5. The housing of claim 3, wherein the number of the connecting contacts is plural, one of the temperature measuring components is connected with one of the connecting contacts, and the connecting contacts connected with any two of the temperature measuring components are different.

6. The shell according to claim 5, further comprising a spring plate attached to an inner surface of the shell;

7. The shell according to claim 6, wherein the number of the elastic pieces is multiple, one of the elastic pieces is connected with one of the connection contacts, and the multiple elastic pieces are connected with the processing module.

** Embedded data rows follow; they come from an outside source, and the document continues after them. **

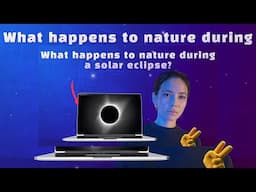 The amazing things that happen to nature during a solar eclipse?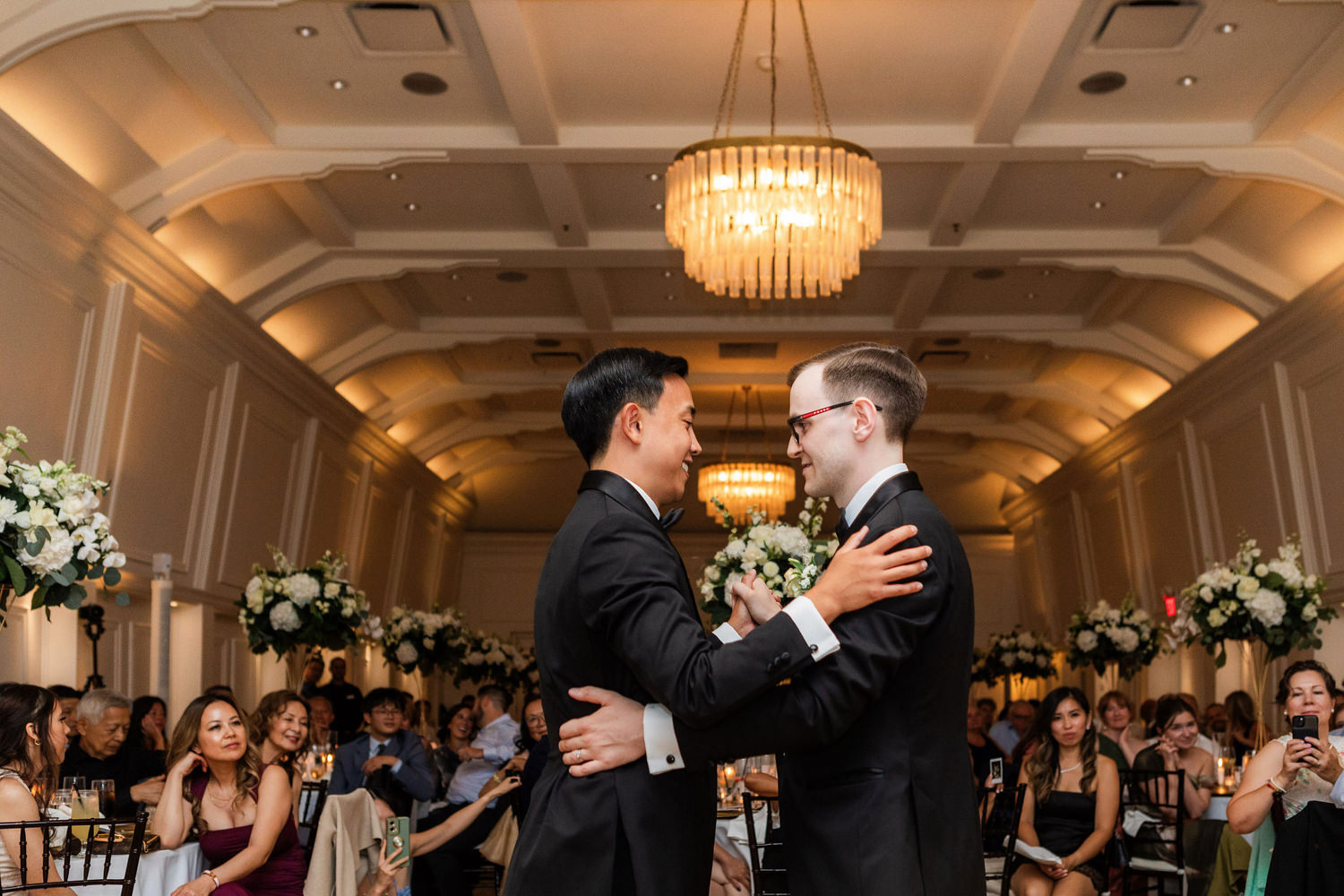 gay first dance at wedding reception stanley park pavilion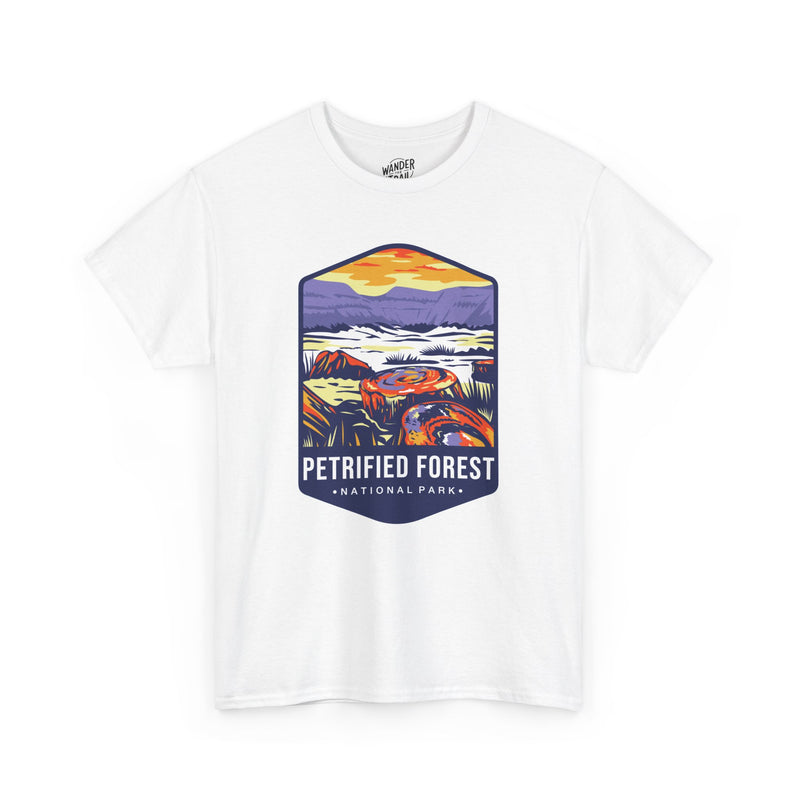 Petrified Forest National Park T-Shirt with Vibrant Landscape Illustration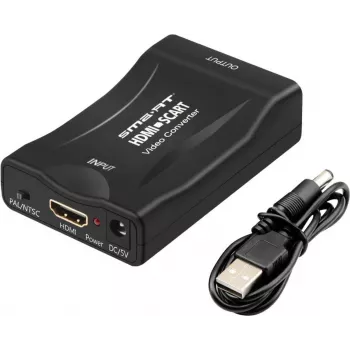 SCART-HDMI pārveidotājs ShiverPeaks SP90-08018 — digitālais video adapteris SCART avotiem uz HDMI izeju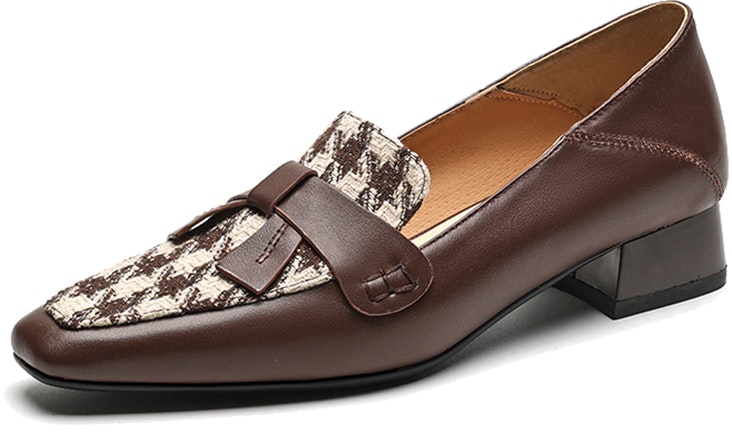 women-luiza-barcelos-brown-houndstooth-chunky-heel-pumps-b901640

8. A terminal, comprising:

the housing of any one of claims 1-7; and

a processing module connected with the connection contacts in the housing;

9. A method of measuring a temperature of a housing, comprising:

10. The method according to claim 9, wherein the processing the temperature values at the plurality of positions by the processing module to obtain an average temperature of the housing comprises:

11. The method of claim 9, wherein the processing module processes the temperature values at the plurality of locations to obtain an average temperature of the housing, comprising:

12. A terminal, comprising: a processor and a memory for storing a computer program operable on the processor, wherein the processor is operable to perform the steps of the method of claims 1 to 7 when executing the computer program.

13. A computer-readable storage medium, on which a computer program is stored, which, when being executed by a processor, carries out the steps of the method of claims 1 to 7.